Following consideration of draft briefs of expert evidence, Buckinghamshire advised the insurer (without disclosing the advice to Mr Suffolk) that the defence of the charges was likely to fail. As a result, the insurer did not approve the costs of presenting a defence and indicated it would meet only the costs of entering a guilty plea and submissions on penalty.

Buckinghamshire immediately advised Mr Suffolk that he would only be able to continue to act for him if a guilty plea were entered. That advice was given one day before evidence for Mr Suffolk was due to be filed. Mr Suffolk informed Buckinghamshire that he felt he had no practical alternative but to plead guilty. The disciplinary body fined Mr Suffolk and also ordered him to pay costs.

Mr Suffolk was unhappy with the outcome and complained to the New Zealand Law Society.

Appointed to act for insured

Although Buckinghamshire was appointed by the insurer “he was appointed to act for the insured, and not for the insurer”, the standards committee said.

“It was to the insured that he owed professional obligations as a client.

“[Buckinghamshire] did, however, have a contractual relationship with the insurer, which was obligated to pay [Buckinghamshire]’s fees which qualified within the terms of the policy coverage.

“As a result, [the committee] considers that [Buckinghamshire]’s engagement included incidental reporting obligations to the insurer. Those reporting obligations, however, were neither discrete nor separate from the insured and did not involve reporting without disclosure to the insured. They certainly did not extend to giving advice on cover to the insurer, especially advice contrary to the client’s interests and without his consent.”

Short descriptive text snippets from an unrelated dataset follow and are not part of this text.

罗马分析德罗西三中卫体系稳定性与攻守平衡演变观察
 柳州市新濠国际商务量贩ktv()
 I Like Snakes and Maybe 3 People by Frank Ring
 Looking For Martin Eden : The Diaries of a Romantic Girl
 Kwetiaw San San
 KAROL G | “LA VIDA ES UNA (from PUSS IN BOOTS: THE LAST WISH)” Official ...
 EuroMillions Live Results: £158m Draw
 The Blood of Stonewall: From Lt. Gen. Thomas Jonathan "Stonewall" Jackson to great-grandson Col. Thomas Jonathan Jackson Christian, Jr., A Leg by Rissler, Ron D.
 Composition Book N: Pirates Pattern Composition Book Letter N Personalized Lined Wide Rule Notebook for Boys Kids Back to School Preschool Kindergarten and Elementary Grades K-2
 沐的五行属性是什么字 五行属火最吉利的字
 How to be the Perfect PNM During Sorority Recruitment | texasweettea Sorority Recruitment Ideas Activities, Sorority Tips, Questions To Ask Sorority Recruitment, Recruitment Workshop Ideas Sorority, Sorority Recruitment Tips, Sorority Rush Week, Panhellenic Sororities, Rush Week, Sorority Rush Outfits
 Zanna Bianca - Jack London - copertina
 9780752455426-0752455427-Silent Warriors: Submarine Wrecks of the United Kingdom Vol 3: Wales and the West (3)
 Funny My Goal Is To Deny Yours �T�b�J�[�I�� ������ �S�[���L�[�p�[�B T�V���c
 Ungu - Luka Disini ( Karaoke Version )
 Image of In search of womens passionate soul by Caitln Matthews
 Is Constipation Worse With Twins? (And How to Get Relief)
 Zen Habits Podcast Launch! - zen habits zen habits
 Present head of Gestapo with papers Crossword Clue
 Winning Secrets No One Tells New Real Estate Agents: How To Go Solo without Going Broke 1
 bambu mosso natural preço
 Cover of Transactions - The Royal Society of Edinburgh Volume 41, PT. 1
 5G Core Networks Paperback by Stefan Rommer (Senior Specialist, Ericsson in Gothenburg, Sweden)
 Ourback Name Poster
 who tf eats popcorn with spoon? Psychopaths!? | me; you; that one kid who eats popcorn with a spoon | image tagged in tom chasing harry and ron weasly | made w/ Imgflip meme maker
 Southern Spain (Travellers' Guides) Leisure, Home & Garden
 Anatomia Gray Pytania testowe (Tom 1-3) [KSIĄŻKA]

The committee said that Buckinghamshire failed to identify Mr Suffolk as his client and therefore breached his obligations to Mr Suffolk in a series of respects.

They included:

  • failing to provide Mr Suffolk with a letter of engagement and related information;
  • accepting instructions from the insurer when the interests of Mr Suffolk and the insurer were in conflict;
  • withholding from his client information relevant to the engagement – namely reports and advice to the insurer;
  • failing to protect Mr Suffolk’s interests and preferring the insurer’s interests, and
  • when the insurer declined to approve the costs of a defended hearing, he “abandoned” his client, saying he would not continue to act for him unless he pleaded guilty.

That constituted unsatisfactory conduct, the committee determined.

The committee fined Buckinghamshire $1,000 and ordered him to pay $2,500 costs. In determining penalty, the committee said it took into account the fact that the breaches arose from an error of analysis of the instructions received, were not willful and reckless, and arose from what may be common practice.